In wavelength dispersive analysis, the single-wavelength radiation produced by the monochromator is passed into a photomultiplier, a detector similar to a Geiger counter, which counts individual photons as they pass through. The counter is a chamber containing a gas that is ionised by X-ray photons. A central electrode is charged at (typically) +1700 V with respect to the conducting chamber walls, and each photon triggers a pulse-like cascade of current across this field. The signal is amplified and transformed into an accumulating digital count. These counts are then processed to obtain analytical data.

X-ray intensity

The fluorescence process is inefficient, and the secondary radiation is much weaker than the primary beam. Furthermore, the secondary radiation from lighter elements is of relatively low energy (long wavelength) and has low penetrating power, and is severely attenuated if the beam passes through air for any distance.
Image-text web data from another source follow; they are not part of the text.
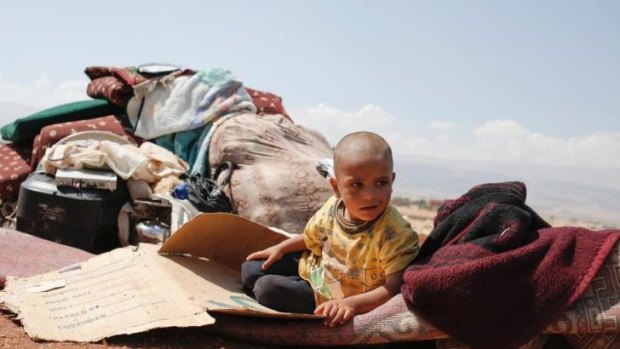 No place to hide: Youssef Akkash, 3, from Aleppo sits among his family's belongings in a makeshift refugee settlement in Ayyat, Lebanon, last year.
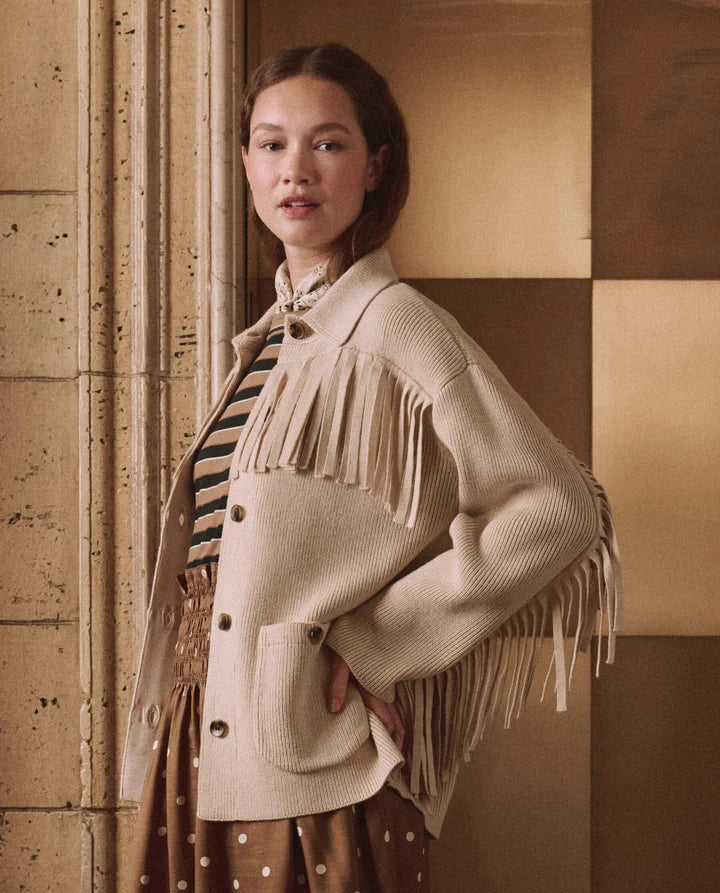 A woman models a cream-colored ribbed knit cardigan with long fringe detailing, styled over a striped shirt and a polka-dot skirt against a warm, checkered stone wall background.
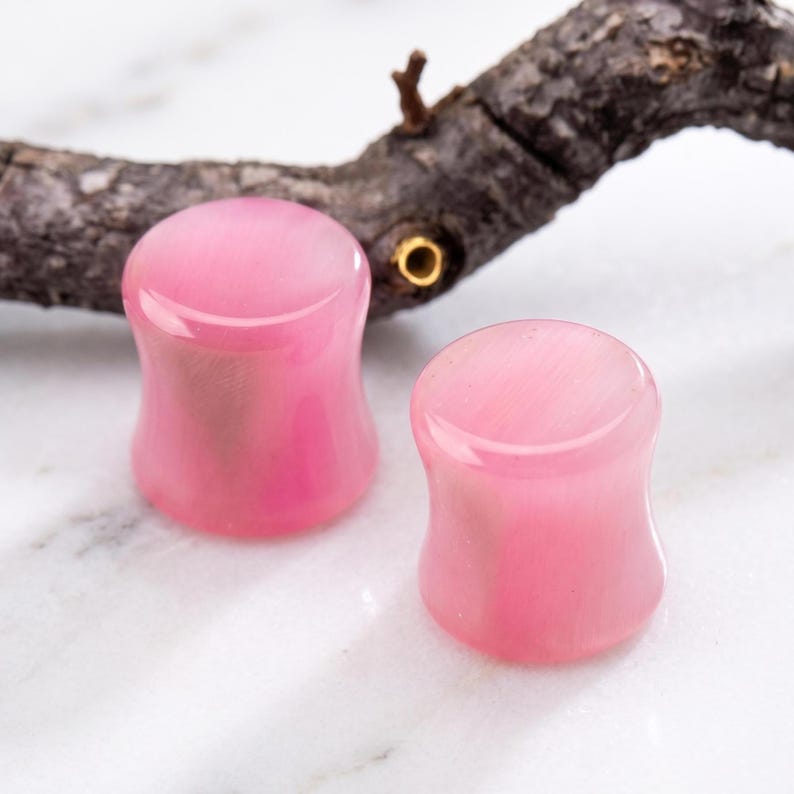 Pode incluir: Dois tamp&otilde;es de ouvido rosa polidos com um design alargado. Os tamp&otilde;es s&atilde;o de uma cor rosa suave e parecem ser feitos de um material liso e transl&uacute;cido. O fundo inclui uma superf&iacute;cie de m&aacute;rmore e um galho escuro e texturizado.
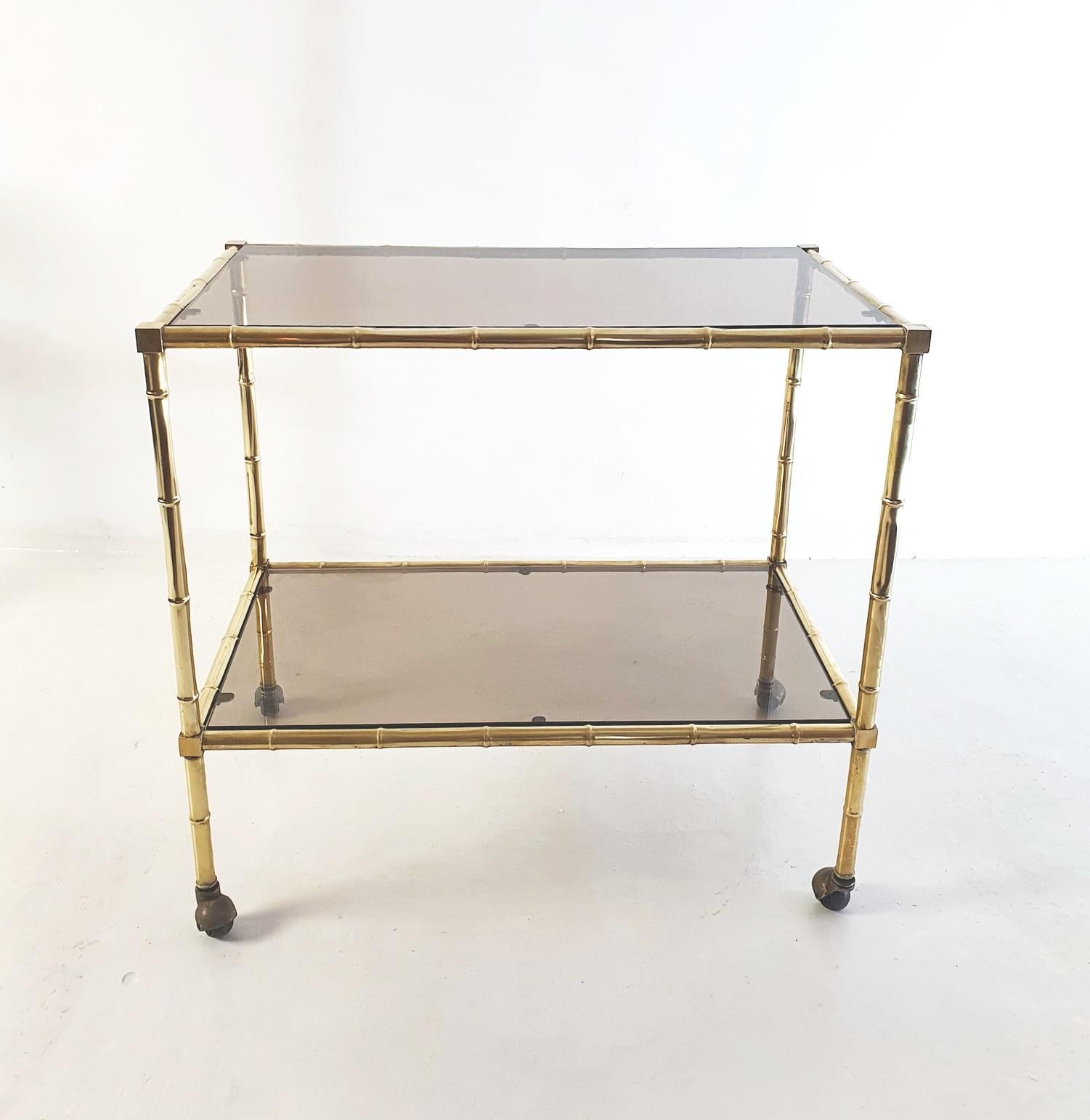 A two tiered bar cart in brass imitating bamboo and smoked glass produced during the 1970's by Maison Baguès. With original castors which works well.
Perfect as a bar or a side table.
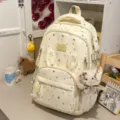 Zaino carino in tela gialla con stampa stelle, orecchie di coniglio e simpatico ciondolo in peluche. - con portachiavi / Giallo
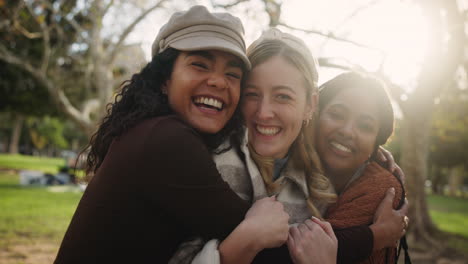 friends hugging in the park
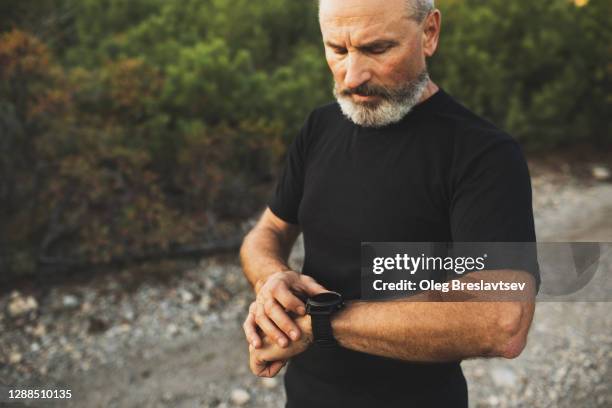 athletic senior runner start training on fitness tracker or smart watch. trail running and active lifestyle concept. - fitness armband stockfoto's en -beelden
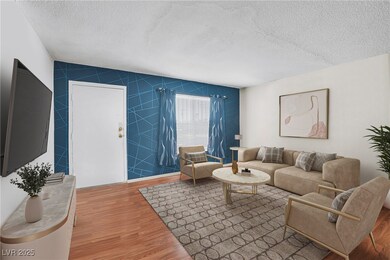 Living area with a textured ceiling, tile walls, a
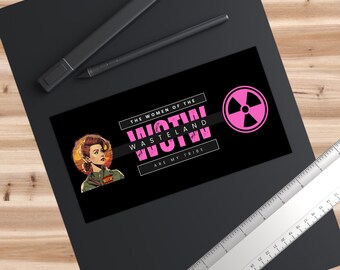 Puede incluir: Pegatina negra con el texto "THE WOMEN OF THE WASTELAND ARE MY TRIBE" en blanco y rosa. La pegatina presenta una ilustración retro de una mujer y un símbolo de radiación rosa.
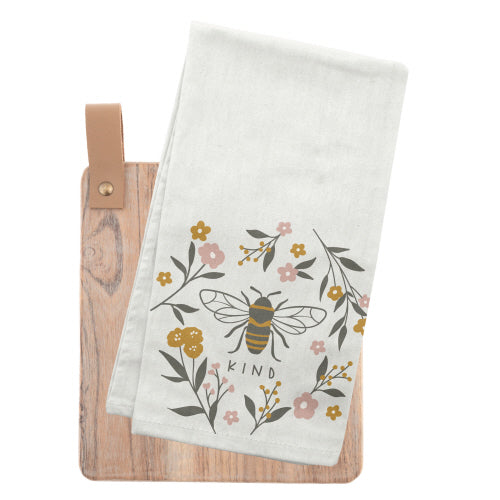 A white towel with a bee illustration surrounded by flowers and leaves, and the word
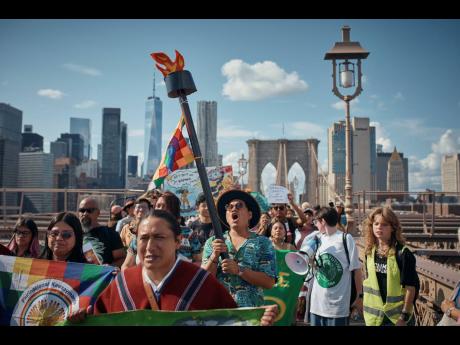 AP 
Protesters shout slogans as they cross the Brooklyn Bridge during a Youth Climate Strike march on September 20, 2024 in New York.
Because of this, for high-performance analysis, the path from tube to sample to detector is maintained under vacuum (around 10 Pa residual pressure). This means in practice that most of the working parts of the instrument have to be located in a large vacuum chamber. The problems of maintaining moving parts in vacuum, and of rapidly introducing and withdrawing the sample without losing vacuum, pose major challenges for the design of the instrument. For less demanding applications, or when the sample is damaged by a vacuum (e.g. a volatile sample), a helium-swept X-ray chamber can be substituted, with some loss of low-Z (Z = atomic number) intensities.

Chemical analysis

The use of a primary X-ray beam to excite fluorescent radiation from the sample was first proposed by Glocker and Schreiber in 1928. Today, the method is used as a non-destructive analytical technique, and as a process control tool in many extractive and processing industries. In principle, the lightest element that can be analysed is beryllium (Z = 4), but due to instrumental limitations and low X-ray yields for the light elements, it is often difficult to quantify elements lighter than sodium (Z = 11), unless background corrections and very comprehensive inter-element corrections are made.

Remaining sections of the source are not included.